With Summer of Code coming to an end, there is some time for reflection and reevaluation of achievements as well as future goals. Regarding the success of the project, I would say that as a general learning experience, both in terms of GPGPU applications as well as working as part of a larger open source community, it has been an invaluable experience. In terms of the applicability of GPGPU acceleration to the K-3D plugins, the future is less clear.

There are areas where the GPGPU implementations were able to show their worth. The image processing plugins on a slightly outdated PC were able to get quite an improvement. This was expected to some extent due to the fact that the processing taking place fitted into the SIMD execution model so well and the amount of data that had to be transfered to the device was relatively small. For the TransformPoints plugin the speedup was not as significant due to the domination of other steps in the computation process that had not been ported to the GPU. In addition it was necessary to convert a large amount of doubles to floats before execution could take place. This would not be a problem on the latest generation of offerings from Nvidia and ATI since they provide double precision support. Then lastly, the complex nature of the SubdivideEdges plugin resulted in the need for serial execution (at least as an initial implementation) for some of the steps which severely hampered performance. This did however illustrate that it is at least possible, if not optimal, to execute serial code on a GPU.

A common theme in the benchmarking of these plugins was the fact that data transfer is expensive and computation is relatively cheap.
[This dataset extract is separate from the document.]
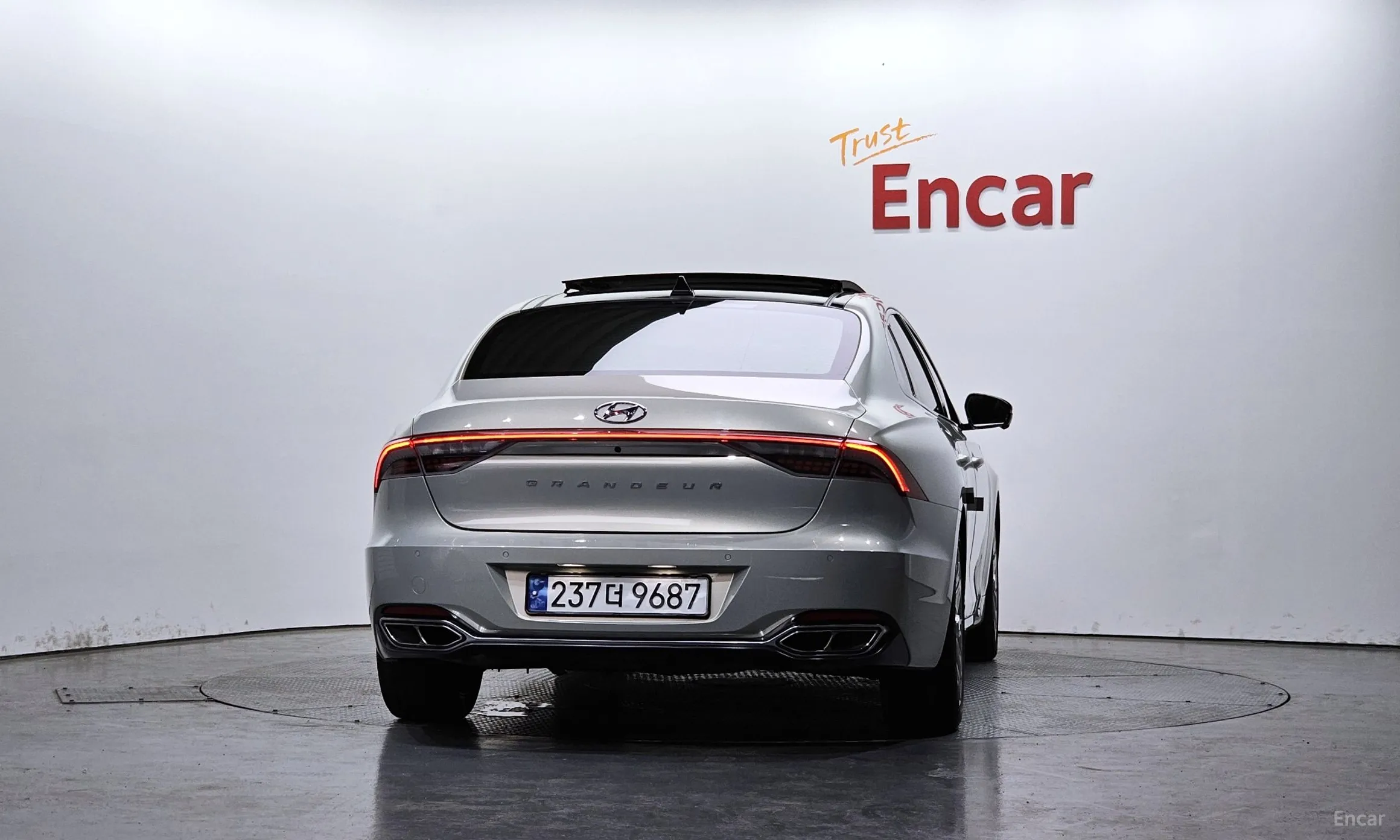 Hyundai Grandeur IG превью 3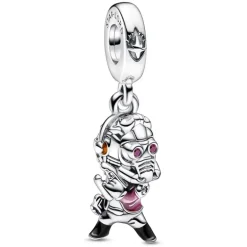 Pandora - charm Guardiani della Galassia Marvel, Charm Pendente Star-Lord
A GPU can easily perform 300 billion floating point operations per second, but can only transfer floats at a rate of 20 billion per second. It then makes sense to do as much work as possible on each value that is transfered before sending back the result.

In terms of future work, the device implementation of more functions used by the existing plugins will only improve the performance - for example, if the merging of a selection happened on the device, then the performance of the CUDATransformPoints plugin could be greatly improved. This will also affect the performance of other mesh plugins such as CUDASubdivideEdges although the serial execution of some parts is a bigger problem at present.

Making the code more robust in terms of device detection, for example, is also a necessity, although it is not crucial in these experimental stages. The partitioning of the visualization pipeline into independent segments would also allow for the parallel execution of plugins on the GPU and CPU if the device equivalents of enough of the plugins exist. At present, only Nvidia's CUDA has been considered - this was mainly due to the relative maturity of their API over ATI's at the start of the project, but recent developments both in terms of hardware as well as the release of newer versions of the ATI API make these an interesting alternative to investigate.

ToDo

The following things still require attention

  • CUDA error handling
  • Querying device capabilities
  • Making thread and block allocation more robust
  • Doxygen compliance

The following have been implemented to some degree, but may require further attention

  • Benchmark submission process. Currently using pylab but would like to switch to another plotting backend - Google Charts perhaps?